Minimal $W^{s,\frac{n}{s}}$-harmonic maps in homotopy classes

TL;DR

This paper extends classical harmonic map results to fractional Sobolev spaces, proving existence and regularity of minimal fractional harmonic maps in various homotopy classes, and developing new analytical tools for the fractional setting.

Contribution

It introduces new methods for fractional harmonic maps, including removability of singularities and energy estimates, and establishes existence and regularity results in the fractional framework.

Findings

Existence of minimizing fractional harmonic maps in trivial homotopy classes.

Existence of non-trivial fractional harmonic maps in non-trivial homotopy classes.

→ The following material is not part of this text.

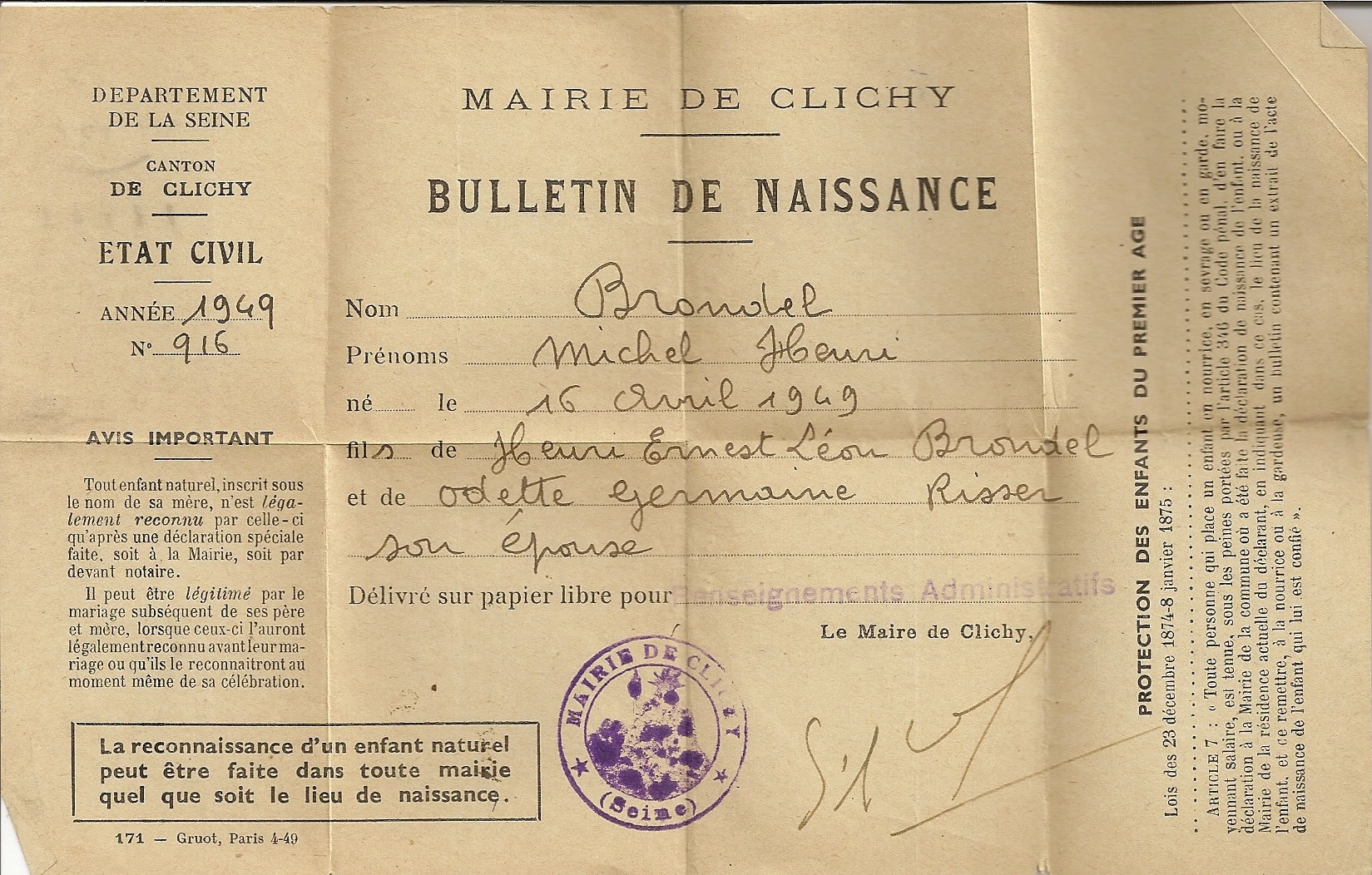 1949 - Bulletin de naissance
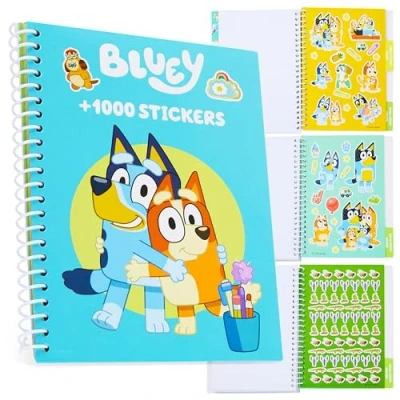 Image of Bluey Sticker Book for Kids with 28 Sheets Over 1000 Stickers Scrapbooking Art Activity Set Gifts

Development of new analytical tools for fractional harmonic map theory.

Abstract

Let $\Sigma$ a closed $n$-dimensional manifold, $\mathcal{N} \subset \mathbb{R}^M$ be a closed manifold, and $u \in W^{s,\frac ns}(\Sigma,\mathcal{N})$ for $s\in(0,1)$. We extend the monumental work of Sacks and Uhlenbeck by proving that if $\pi_n(\mathcal{N})=\{0\}$ then there exists a minimizing $W^{s,\frac ns}$-harmonic map homotopic to $u$. If $\pi_n(\mathcal{N})\neq \{0\}$, then we prove that there exists a $W^{s,\frac{n}{s}}$-harmonic map from $\mathbb{S}^n$ to $\mathcal{N}$ in a generating set of $\pi_{n}(\mathcal{N})$. Since several techniques, especially Pohozaev-type arguments, are unknown in the fractional framework (in particular when $\frac{n}{s} \neq 2$ one cannot argue via an extension method), we develop crucial new tools that are interesting on their own: such as a removability result for point-singularities and a balanced energy estimate for non-scaling invariant energies. Moreover, we prove the regularity theory for minimizing $W^{s,\frac{n}{s}}$-maps into manifolds.